### About this exercise:
Output each line of the data below exactly, omitting any image.

### Supplied information:
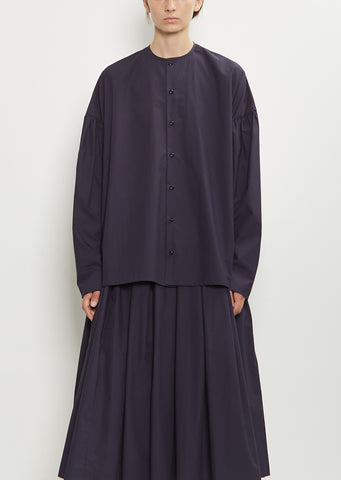 Basil Typewriter Cotton Shirt — Dark Navy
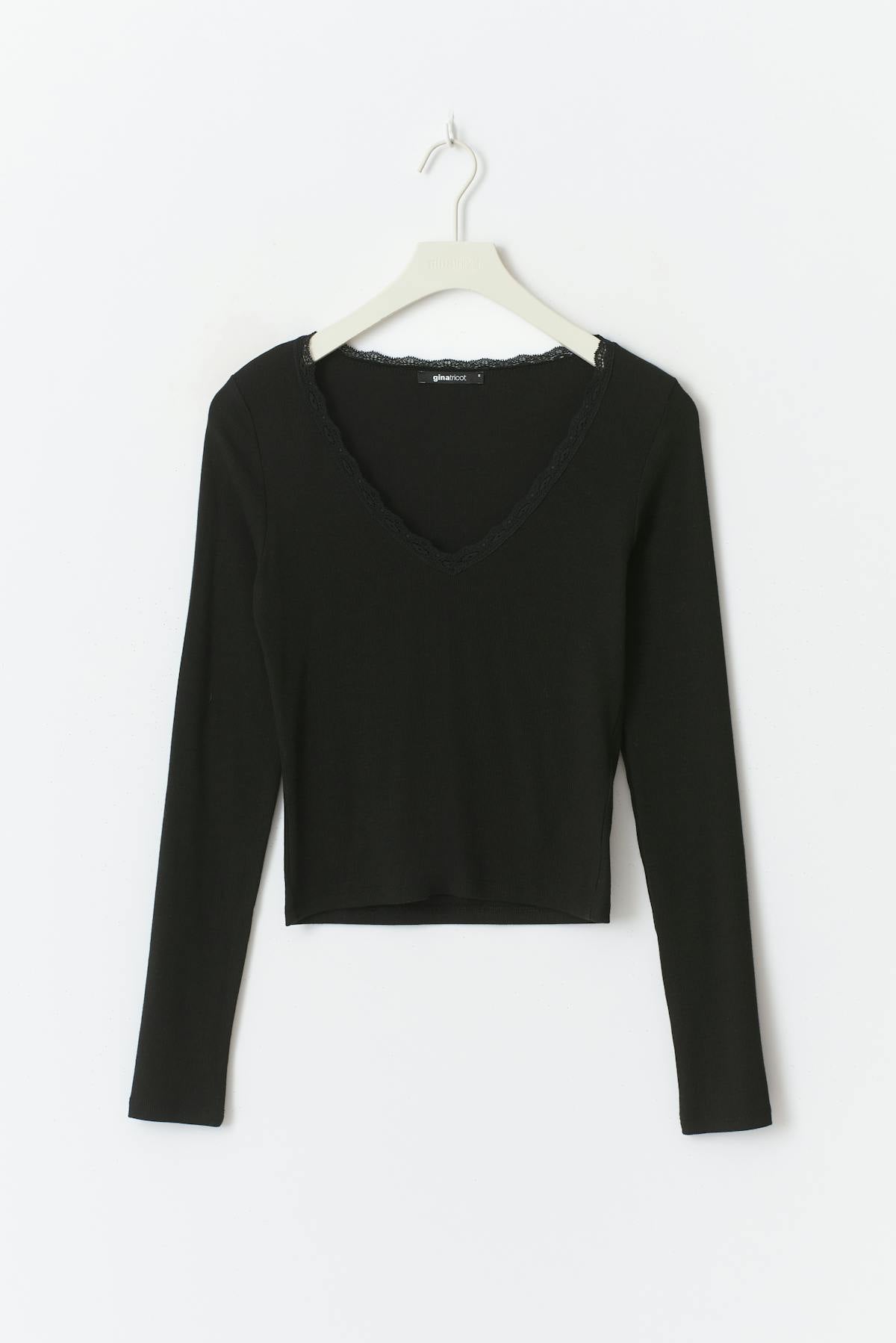 V-neck lace detail top - Noir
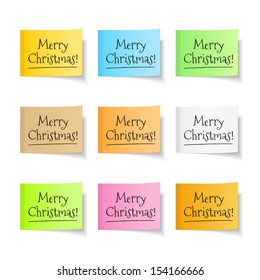 Merry christmas congratulation on yellow sticky note, vector eps10 illustration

### Output of the exercise:
 Basil Typewriter Cotton Shirt — Dark Navy
 V-neck lace detail top - Noir
 Merry christmas congratulation on yellow sticky note, vector eps10 illustration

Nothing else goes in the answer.